From the article: The Alaskan Way Viaduct is coming down, and a vast new park system is coming up. The debates cities have over tearing down elevated urban highways can be intense—what with opponents preying on commuter nightmares of crippling traffic, despite much evidence to the contrary—but deciding for removal can open up a world of opportunities for long lost public space. Just ask Seattle.

It’s been a few years since the city started to demolish the double-decker Alaskan Way Viaduct that severs downtown from Elliott Bay. And it’ll be several more until the job is done. But Seattle is already making progress on the multi-part, billion-dollar waterfront plan that will recapture acres of prime area that have lived in the shadows of the road for half a century.

We’re excited to move into a more urban future with the waterfront,” says Marshall Foster, director of the waterfront project for the city. “We’ve been talking about removing this viaduct literally since it was built in 1953. We’ve been looking at it saying, ‘My god, what did we do?’

If residents like the look of what replaces the viaduct, they’ll have landscape designer James Corner to thank. The creative mind behind New York’s elevated High Line Park, and more recently Cleveland’s Public Square, won an international competition for the project a few years back.

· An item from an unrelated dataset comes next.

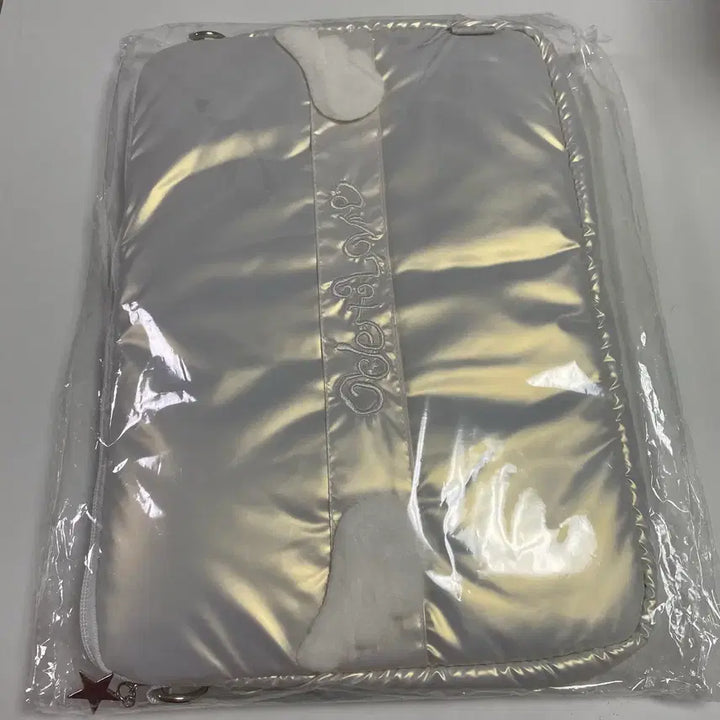 [BUNJANG] NCT WISH Odd To Love Shanghai Laptop Pouch New / [당일발송] 엔시티 위시 오드투러브 상하이 노트북 파우치 새상품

Foster recalls that Corner—who hails from industrial Manchester, England—“really captured the working character of Seattle’s waterfront” during a packed public meeting where he offered a three-pronged vision:

  • See the Elliott Bay area as Seattle’s own personal Central Park, the core of a great chain of public space that rimmed the waterfront;
  • Reconnect the waterfront with the downtown and other adjacent neighborhoods via a new local street grid friendly to pedestrians;
  • Make the public spaces surrounding the waterfront true destinations—hence plans for Waterfront Park, an arts and culture spot that will house a performance venue, and Pier 62-63, an athletic area designed for recreation.